It sounds like what you really want is something like Levenshtein distance (but not exactly that).
Here's a first cut.
What it does is walk the game tree of all possible rearrangements of a to see if they match b.
It associates a cost with each rearrangement, expressed as a declining budget.
The outer loop walks first with a budget of 0, so only an exact match is allowed.
If it got no success, then it walks with a budget of 1, finding all matches containing only one rearrangement.
If it got no success, then it walks with a budget of 2, and so on.
As it matches, it keeps an array of integers delta, telling how far each element of a has been swapped.

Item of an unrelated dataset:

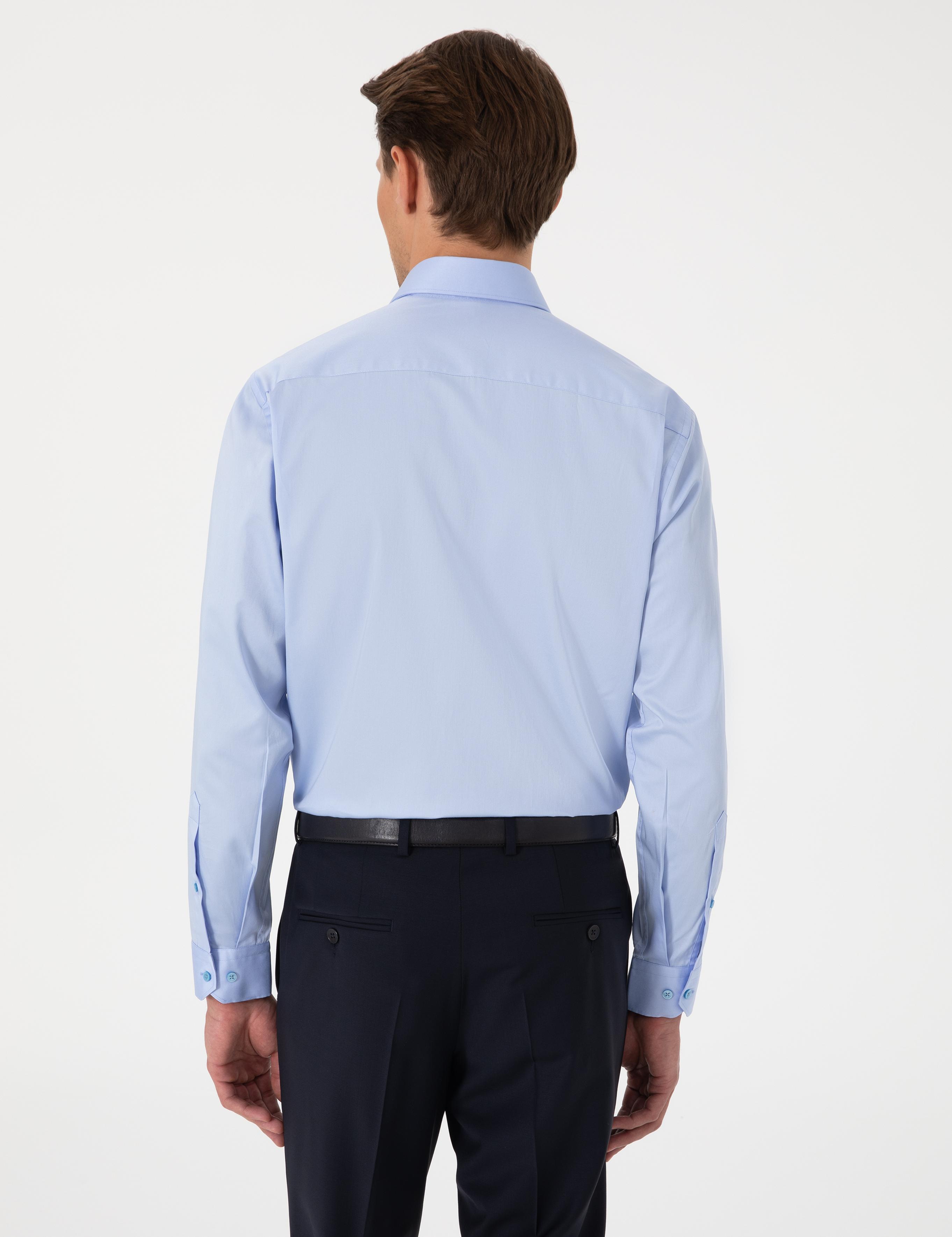 Koyu Mavi Parlak Saten Regular Fit Uzun Kollu Basic Gömlek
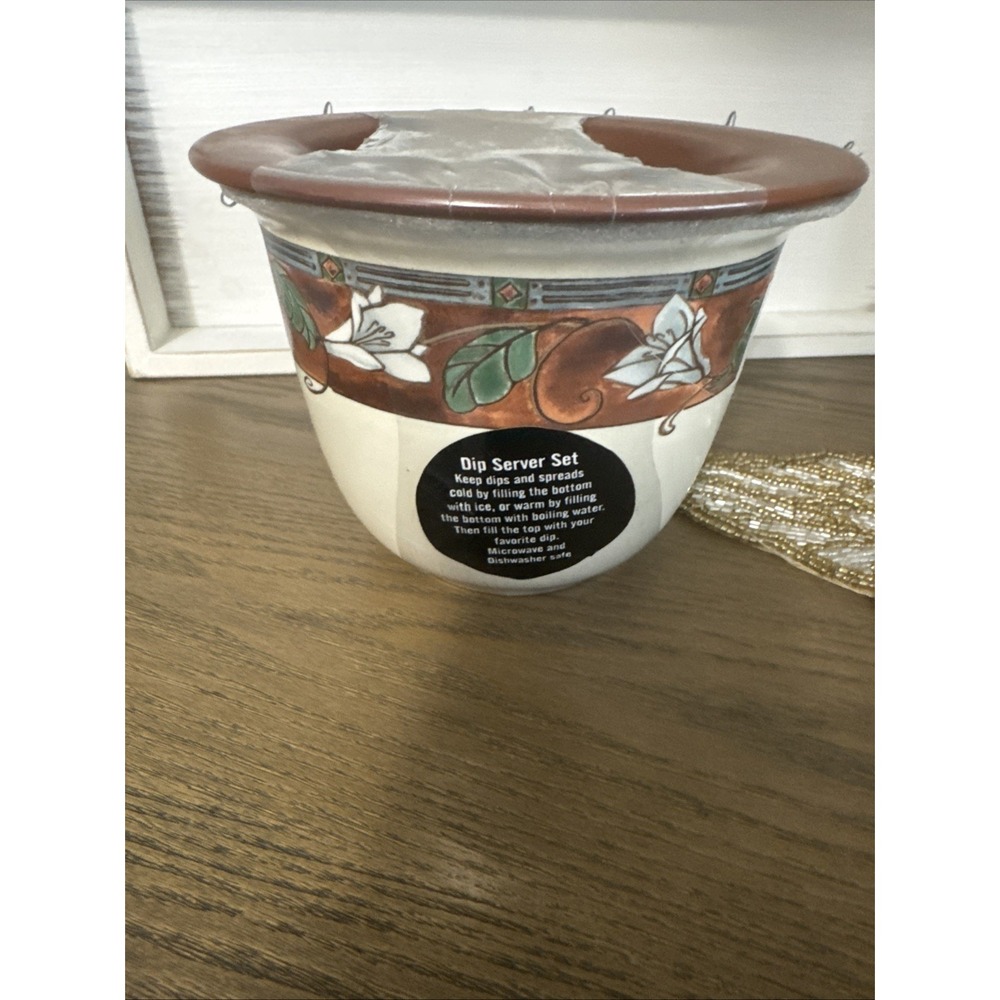 Pfaltzgraff Mission Flower Dip Salsa Cooler Set Retro Bowl Retired New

Whenever it gets a success, it somwhow prints out that delta array, and that is your record of what swaps were done to get that match.
void walk(char* a, char* b, int* delta, int budget, int& nSuccess){
delta[0] = 0;
if (budget < 0) return;
if (a[0] == '\0' && b[0] == '\0'){ // end of both strings
nSuccess++;
// print out the deltas
return;
}
if (a[0] == '\0') return; // excess chars in b
if (b[0] == '\0') return; // excess chars in a
if (a[0] == b[0]){ // first chars are equal, move to next
walk(a+1, b+1, delta+1, budget, nSuccess);
return;
}
for (int i = 1; a[i] != '\0'; i++){
delta[0] = i;
swap(a[0], a[i]);
if (a[0] == b[0]){
walk(a+1, b+1, delta+1, budget-1, nSuccess);
}
swap(a[0], a[i]);
delta[0] = 0;
}
}
void top(char* a, char* b){
int nSuccess = 0;
int delta[512];
for (int budget = 0; nSuccess==0; budget++){
walk(a, b, budget, delta, nSuccess);
}
}
The performance of the algorithm is exponential in N, where N is the minimum number of rearrangements needed to make the strings match.
So it probably should not be used until after you've verified that each strings has the same number of each character,
and only use it if you need to see that record of rearrangements.